Work to be completed
Write out the entries below exactly, but only from the line containing "young woman with" through the line containing "W0563.R3.LDW.04_4 Dwie ręce", and without the pictures.

Records supplied
********

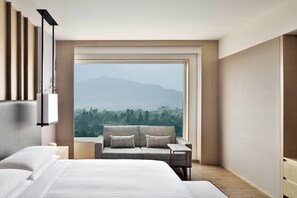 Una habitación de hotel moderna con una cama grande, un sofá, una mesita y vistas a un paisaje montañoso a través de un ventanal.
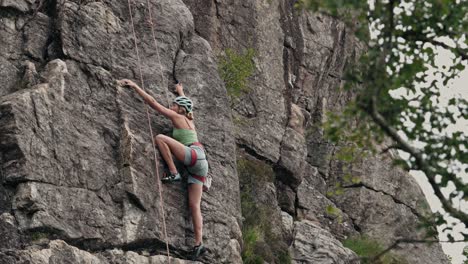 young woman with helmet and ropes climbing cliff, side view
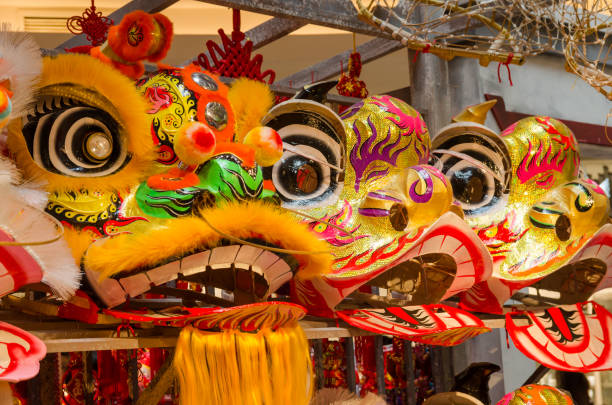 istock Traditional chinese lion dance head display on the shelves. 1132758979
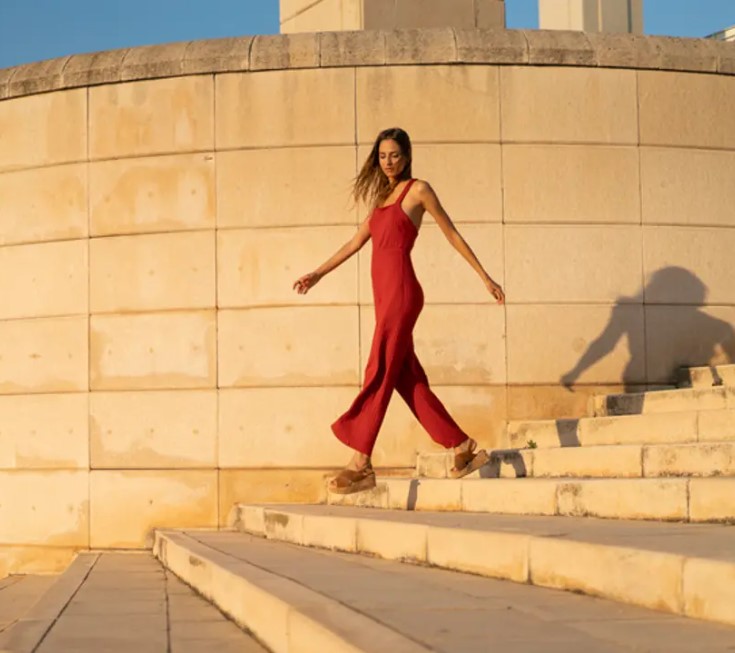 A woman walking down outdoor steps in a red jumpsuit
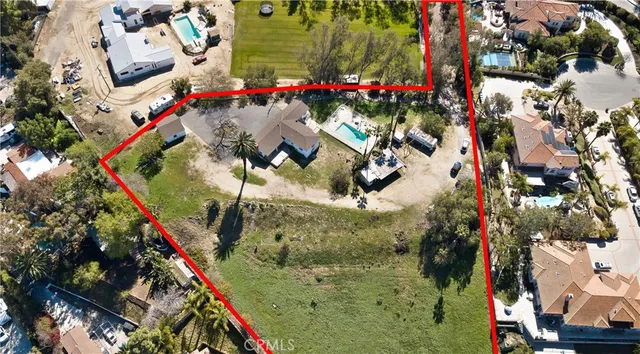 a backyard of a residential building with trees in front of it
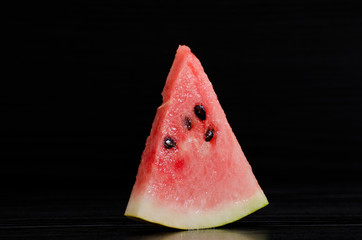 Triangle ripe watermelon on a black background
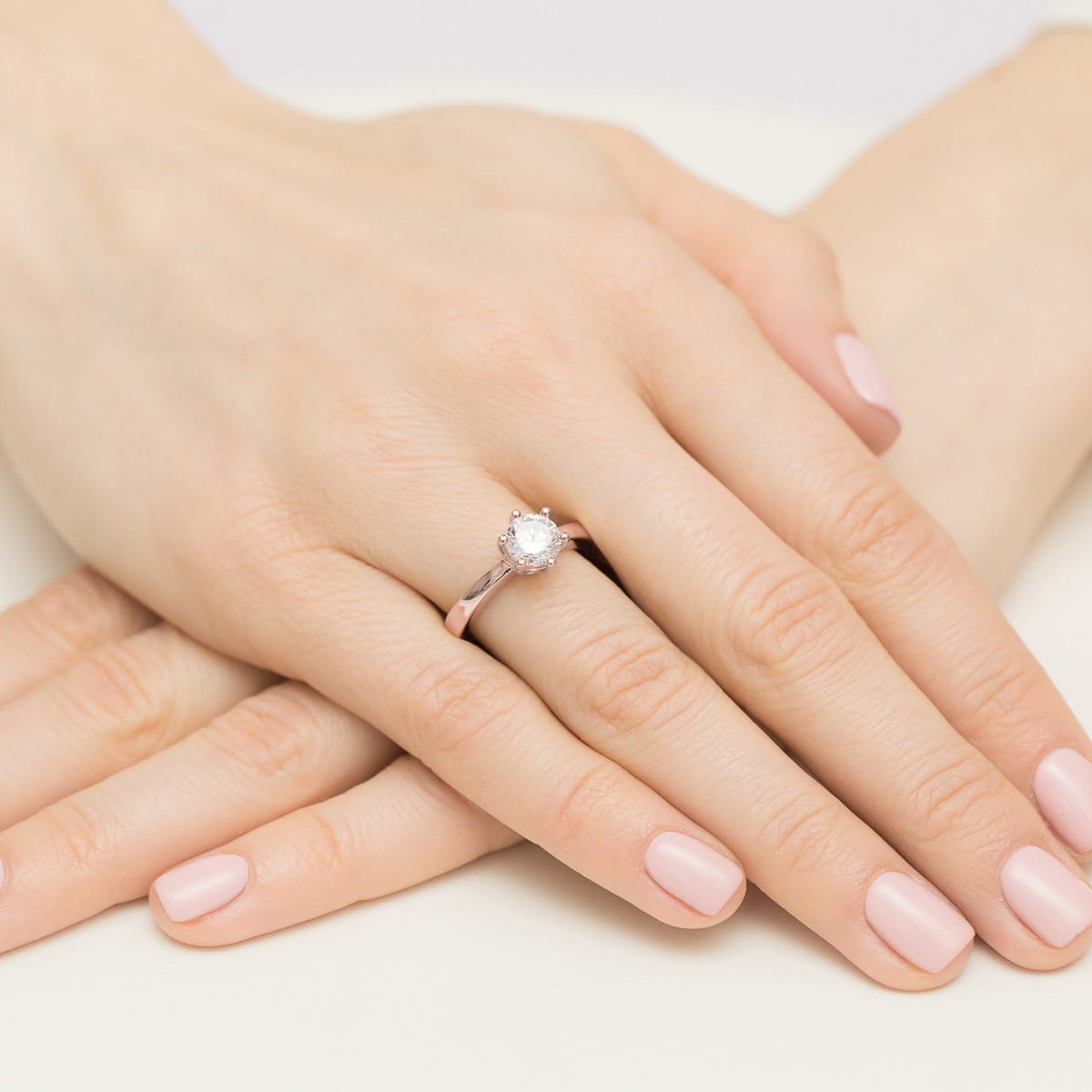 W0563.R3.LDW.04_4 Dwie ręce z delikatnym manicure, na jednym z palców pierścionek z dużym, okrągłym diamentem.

********

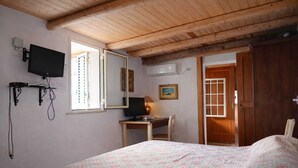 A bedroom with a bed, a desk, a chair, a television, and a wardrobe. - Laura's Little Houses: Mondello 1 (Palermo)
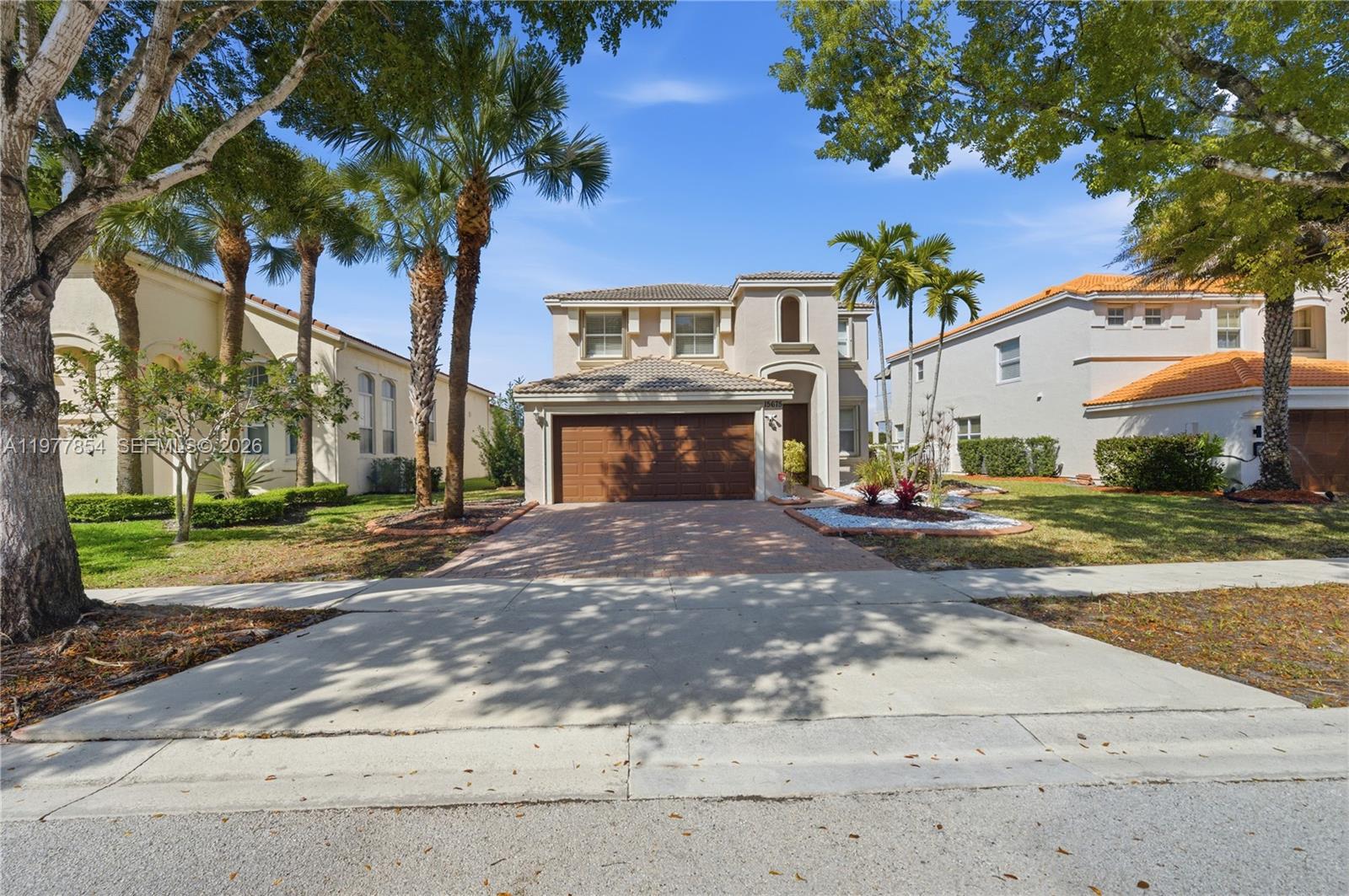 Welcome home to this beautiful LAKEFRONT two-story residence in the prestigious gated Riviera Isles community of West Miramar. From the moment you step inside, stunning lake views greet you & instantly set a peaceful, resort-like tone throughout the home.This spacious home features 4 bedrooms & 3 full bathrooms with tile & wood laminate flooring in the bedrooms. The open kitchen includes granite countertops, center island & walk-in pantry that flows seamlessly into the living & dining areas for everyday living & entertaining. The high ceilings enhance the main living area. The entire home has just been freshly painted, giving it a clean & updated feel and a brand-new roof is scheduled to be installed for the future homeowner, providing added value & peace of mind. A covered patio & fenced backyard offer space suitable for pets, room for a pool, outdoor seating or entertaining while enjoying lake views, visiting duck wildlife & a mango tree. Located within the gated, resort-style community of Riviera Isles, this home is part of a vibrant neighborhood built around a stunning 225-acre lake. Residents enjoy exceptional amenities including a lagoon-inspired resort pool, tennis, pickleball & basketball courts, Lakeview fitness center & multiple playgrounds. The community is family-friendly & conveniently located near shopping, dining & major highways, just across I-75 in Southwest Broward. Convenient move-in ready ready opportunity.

********

Output below
 young woman with helmet and ropes climbing cliff, side view
 istock Traditional chinese lion dance head display on the shelves. 1132758979
 A woman walking down outdoor steps in a red jumpsuit
 a backyard of a residential building with trees in front of it
 Triangle ripe watermelon on a black background
 W0563.R3.LDW.04_4 Dwie ręce z delikatnym manicure, na jednym z palców pierścionek z dużym, okrągłym diamentem.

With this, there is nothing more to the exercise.